Anselm Kiefer, Die bösen Mütter, 2007

Everything in Kiefer’s world is grey, though the works in Die Ungeborenen introduce the copper green, the color of oxidization, of age, weathering, exposure to the elements, all of which intensify an agitated, tactile surface. In Die bösen Mütter, infinite lines of what appear to be graves, or a dead landscape of dense un-navigable mud and charcoaled wood gives substance to the doom of grey. And yet, there is always a horizon line, and even when it shows that land meets an apocalyptic grey sky, the line somehow holds the possibility of hope. On the horizon line of Die bösen Mütter is a trace, or perhaps a deliberate overpainting of red, a red that up close is like breath, fire and energy in a dead world. And the chairs, however long it is since they saw life, suspended in the grey sky, drift up to heaven.
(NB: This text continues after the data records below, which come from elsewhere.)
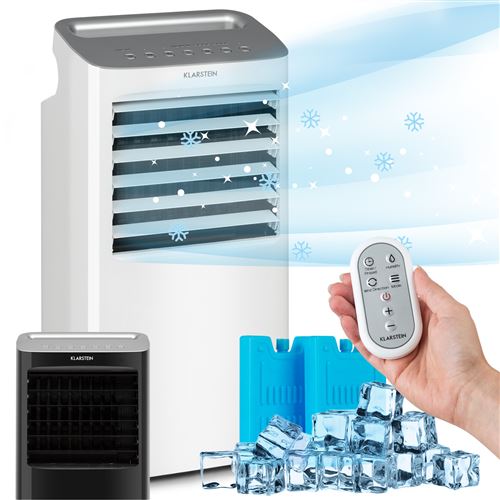 Rafraîchisseur D'Air - Klarstein Coldplayer - Ventilateur - 68W - Humidificateur - 384M³/H - Ionisateur - Mobile - Purificateur - Télécommande - Blanc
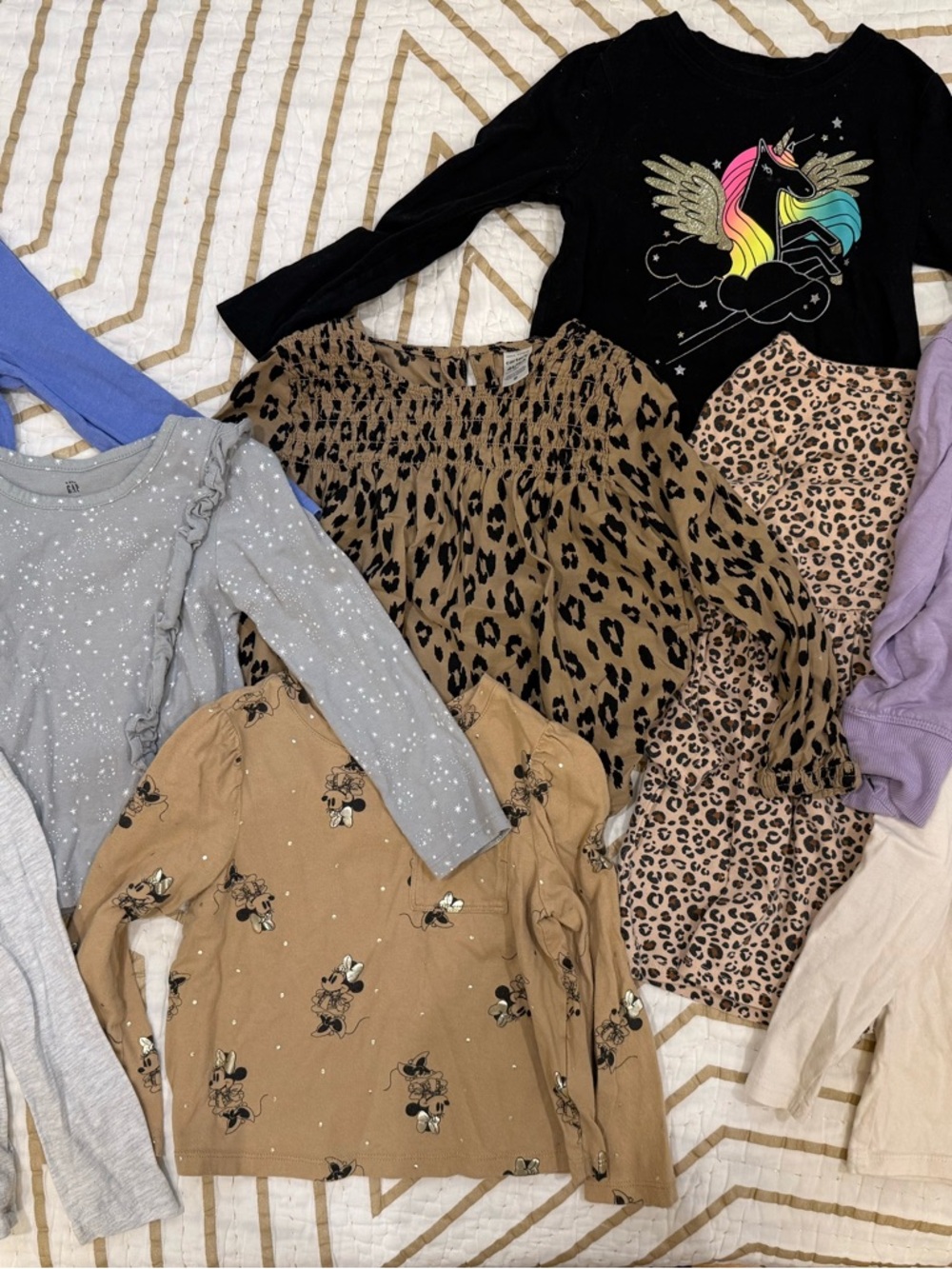 Bundle of 9 long sleeve tops for girls, size 4T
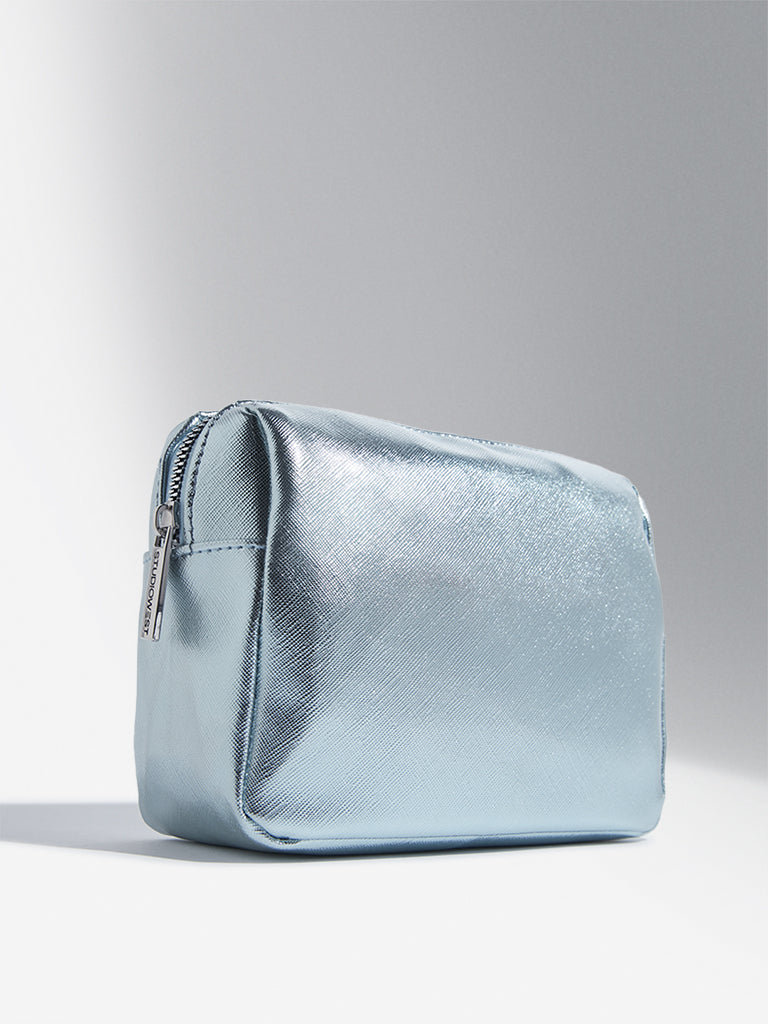 Buy Studiowest Light Blue Metallic Pouch from Westside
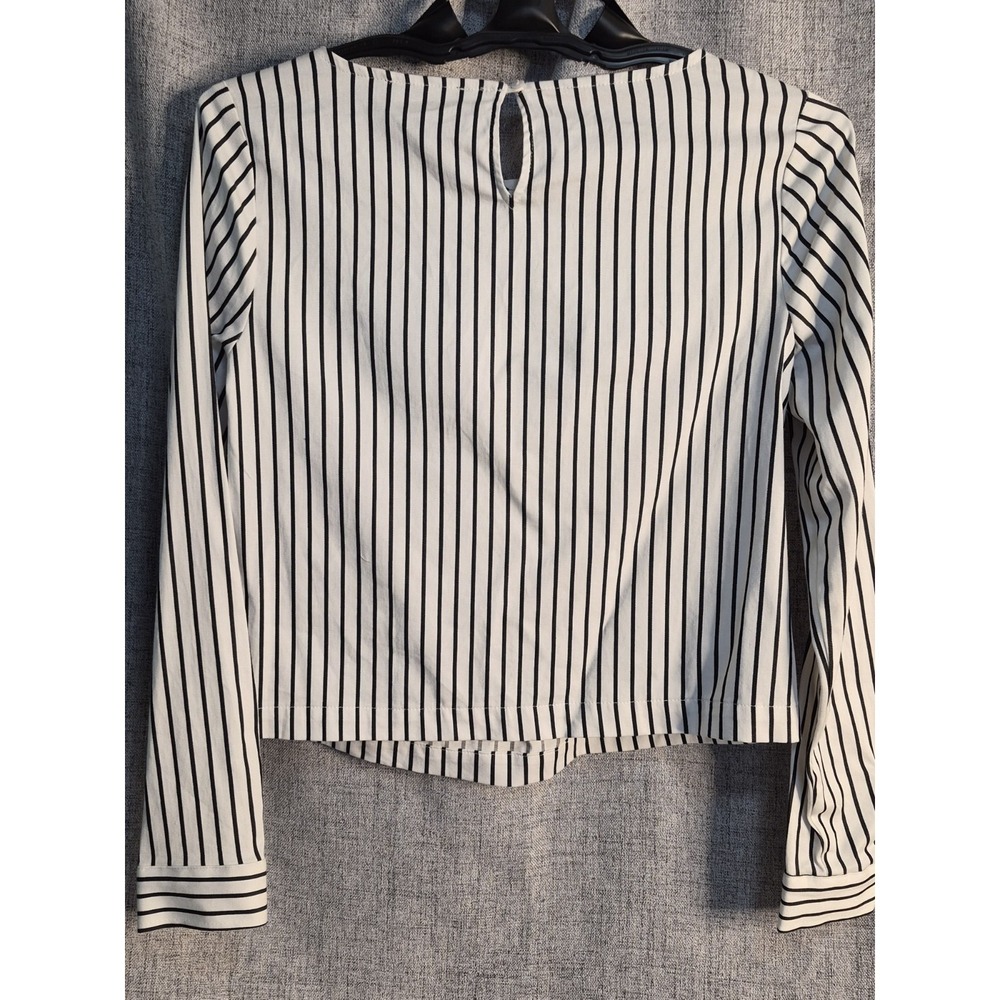 The Limited Y2K Long Sleeve XS Striped Career Top NEW $79 Lace Black White - Picture 3 of 7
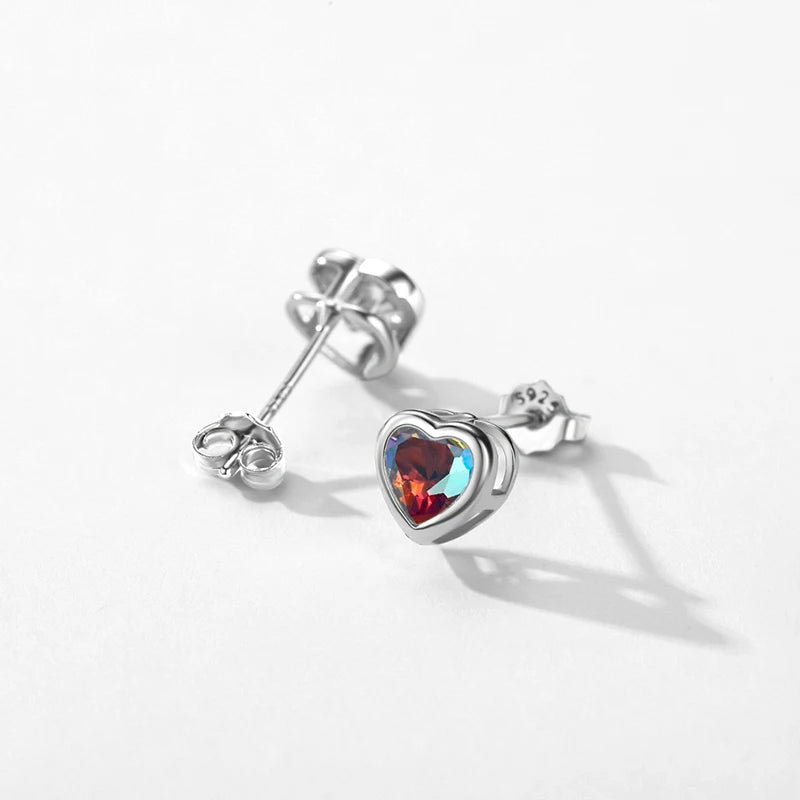 925 Sterling Silver Rainbow CZ Hearts Necklace, Earrings & Ring Set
When I asked the people at Galerie Thaddeus Ropac why the reproductions in the catalogue did not always correspond to the works on display, their answer was in keeping with the unpredictability of Kiefer’s otherwise Romantic worlds. Apparently, Kiefer kept changing the exhibition right up to the very last minute, changing his mind about what should be displayed. I wouldn’t be surprised if when I go again, I might actually be going to a different exhibition, retaining its perplexity and mercurial dimensions even in the context of display.